Re: Column correlation drifts, index ignored again

From: Tom Lane <tgl(at)sss(dot)pgh(dot)pa(dot)us>
To: Josh Berkus <josh(at)agliodbs(dot)com>
Cc: Kevin Brown <kevin(at)sysexperts(dot)com>, Postgres Performance <pgsql-performance(at)postgresql(dot)org>
Subject: Re: Column correlation drifts, index ignored again
Date: 2004-02-24 18:29:46
Message-ID: 23533.1077647386@sss.pgh.pa.us
Views: Raw Message | Whole Thread | Download mbox | Resend email
Thread:
Lists: pgsql-performance

Josh Berkus <josh(at)agliodbs(dot)com> writes:
> Kevin,
>> 1. set enable_seqscan = on
>> 2. set random_page_cost = <some really high value to force seqscans>
>> 3. EXPLAIN ANALYZE query
>> 4. record the ratio of estimated to actual scan times.
>> 5. set enable_seqscan = off
>> 6. set random_page_cost = <rough estimate of what it should be>
>> 7. EXPLAIN ANALYZE query
>> 8. record the actual index scan time(s)
>> 9. tweak random_page_cost
>> 10. EXPLAIN query
>> 11. If ratio of estimate to actual (recorded in step 8) is much
>> different than that recorded in step 4, then go back to step 9.
>> Reduce random_page_cost if the random ratio is larger than the
>> sequential ratio, increase if it's smaller.

> Nice, we ought to post that somewhere people can find it in the future.

If we post it as recommended procedure we had better put big caveat
notices on it.
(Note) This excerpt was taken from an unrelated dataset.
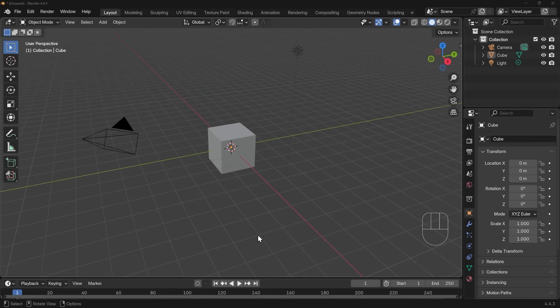The loop cut tool in Blender is essential to understand for modeling almost anything. So in this video we're going to go through the ins and outs of that tool, where you can use it, tips and tricks for how to use it, and why it might not look like it's working.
The pitfalls with doing this are:

1. If you repeat the sequence exactly as given, you will be homing in on
a RANDOM_PAGE_COST that describes your system's behavior with a fully
cached query. It is to be expected that you will end up with 1.0 or
something very close to it. The only way to avoid that is to use a
query that is large enough to blow out your kernel's RAM cache; which of
course will take long enough that iterating step 10 will be no fun,
and people will be mighty tempted to take shortcuts.

2. Of course, you are computing a RANDOM_PAGE_COST that is relevant to
just this single query. Prudence would suggest repeating the process
with several different queries and taking some sort of average.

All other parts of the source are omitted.